That’s what the Geek Squad guy at Best Buy told me, anyway.


It was a little over a year ago, and I was at the counter with my husband Martin’s laptop, hoping that his difficulty connecting to our wireless network might have an easy (read cheap) fix. I had a fighting chance, I thought, since the woman behind the counter and I go to the same church and I trusted her to give it to me straight. One of her coworkers, a guy in his early 20s, stopped to look over my friend’s shoulder as I described the problem.

Here’s how she introduced us…

“This is Joan,” she said. “She and I go to church together.” I smiled and reached out to shake his hand.

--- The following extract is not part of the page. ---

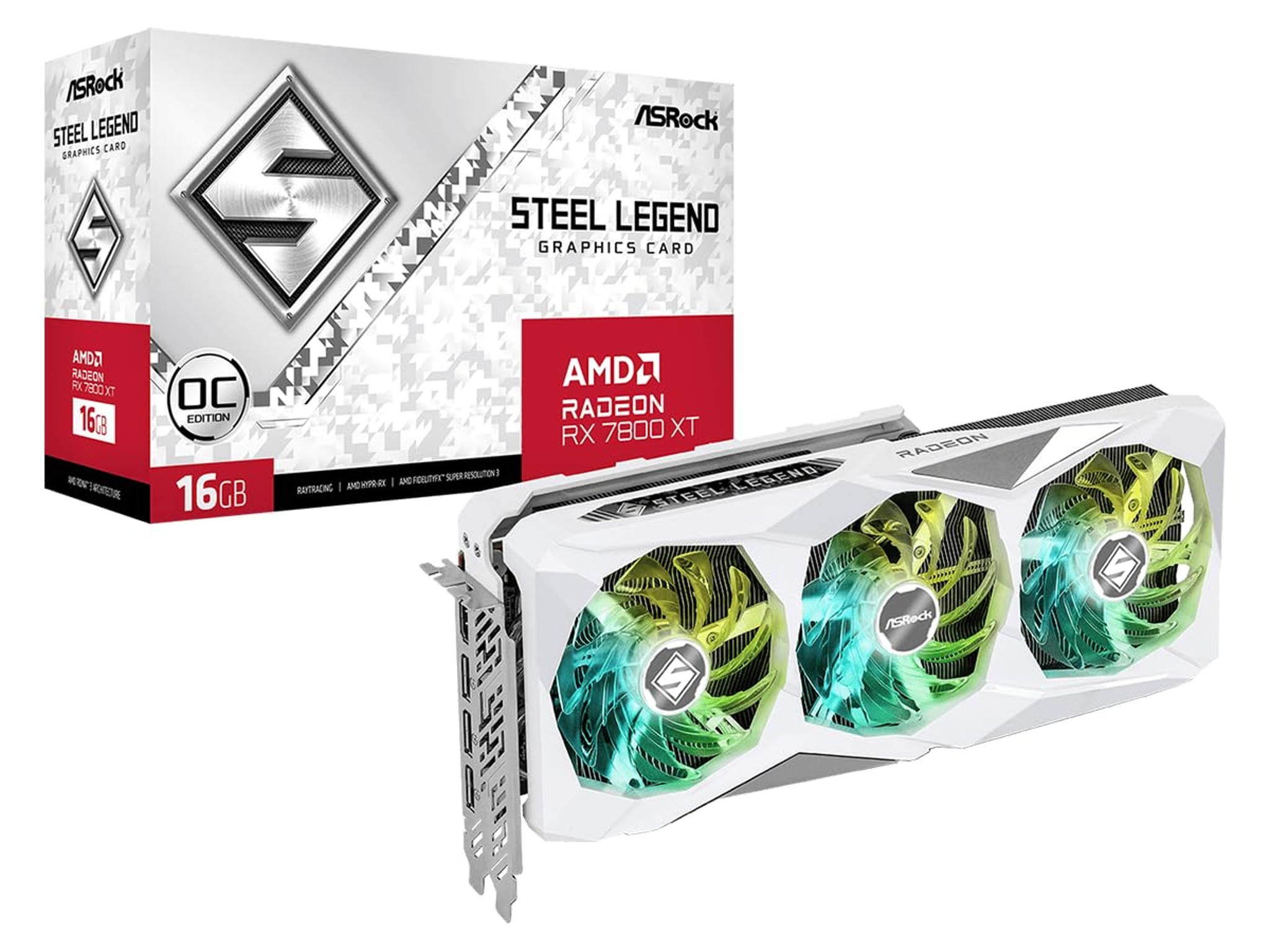 WHITE ASRock Steel Legend Radeon RX 7800 XT 16GB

“And this is John (not his real name),” she continued.  “He’s an atheist.”

This may have been the first time in my life I had ever been introduced in this way. It was a little strange and totally random but, since I had spent more of my life as an atheist than I have as a churchgoer, her outting John as an atheist didn’t phase me a bit.

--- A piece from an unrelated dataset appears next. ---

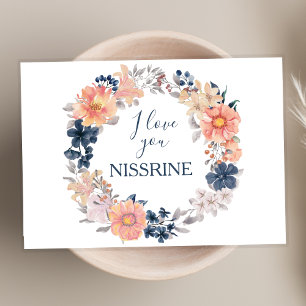 Navy and Blush Floral Wreath I Love You Greeting Card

“I was an atheist for many years,” I told him, hoping that a little small talk to take the edge off of the otherwise awkward exchange. I expected him to respond with an equally random bit of nothing and be on his way, but instead he said matter-of-factly, “Then you weren’t really an atheist.” 

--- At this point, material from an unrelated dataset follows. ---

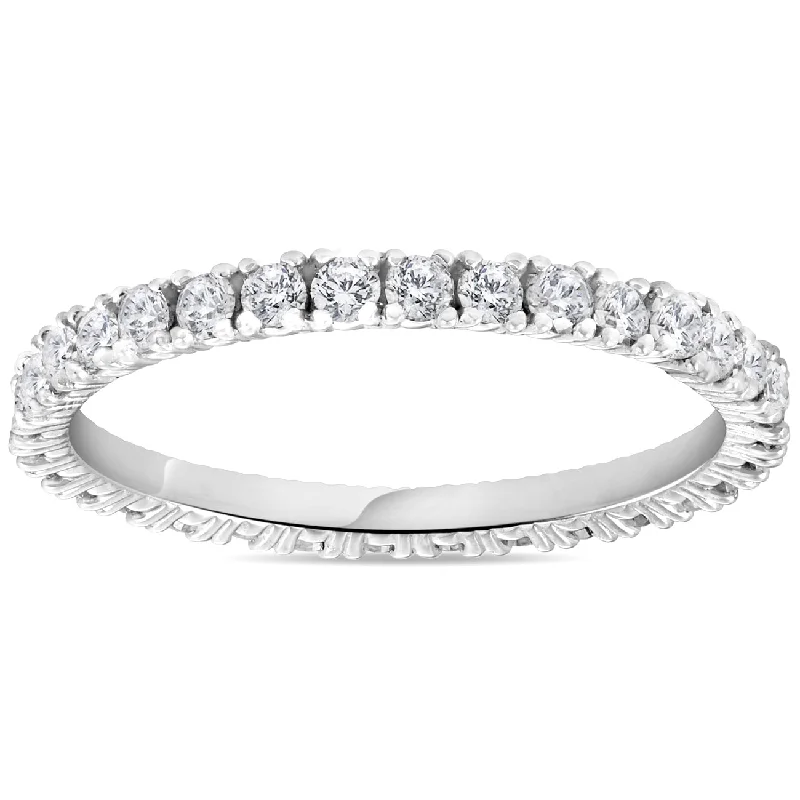 Rings with oxidized bands for vintage edge -5/8 cttw Diamond Eternity Ring Womens Stackable Round 14k White Gold Band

Have you ever found yourself completely surprised by your own response to something? This was one of those moments for me. I wasn’t really an atheist? I thought. What do you mean I wasn’t really an atheist? Before I knew it, I found myself ever so politely (yet ever so firmly) defending my former atheism. “Actually, I was an atheist,” I told Geek Squad guy with pleasant indignance. I even
pulled out a dramatic and somewhat personal example of something I’d done when I was a kid that proved my former atheism, which he promptly pooh-poohed.

If I go to church now, he told me calmly but emphatically, then I was never a “real atheist.”
He walked away and I got back to Martin’s computer, but I couldn’t stop thinking about this exchange. At first I focused on what I perceived to be his faulty logic. Of course I could be an atheist then and a Christian now, I thought. It wasn’t like I’d turned atheist on the heels of a Christian upbringing. I’d never believed in the first place.

But then I realized that his logic (or lack thereof) was not the most interesting or relevant part of our short conversation. Why did I care whether or not Geek Squad guy believed that I had been an atheist until I came to believe in a ‘power-greater-than-myself’ in my 20s?

As I pondered the question, something became clear to me. No matter how deep my desire to put relationships over being right, or how many times I commit and recommit myself to pursuing
dialog over debate, it is still incredibly easy for me to fall into a tit-for-tat over anything.

And I mean anything.

No topic is too small or unimportant for me to fall into the trap of self-importance if I am not intentional about how I respond to people with whom I disagree. This is doubly true here in this space as more people from different backgrounds stop by and comment on these posts. 
I appreciated that reminder from the Geek Squad atheist-guy back then and I appreciate it every time someone leaves a comment in this space or on a blog I follow elsewhere that challenges my best notion of my faith and spiritual practice.  With each encounter I have an opportunity to react poorly out of my own ego or respond in love, doing my best to genuinely reflect my faith from the heart and not just the pen.

How about you? What is your response when challenged on thoughts and beliefs you hold dear?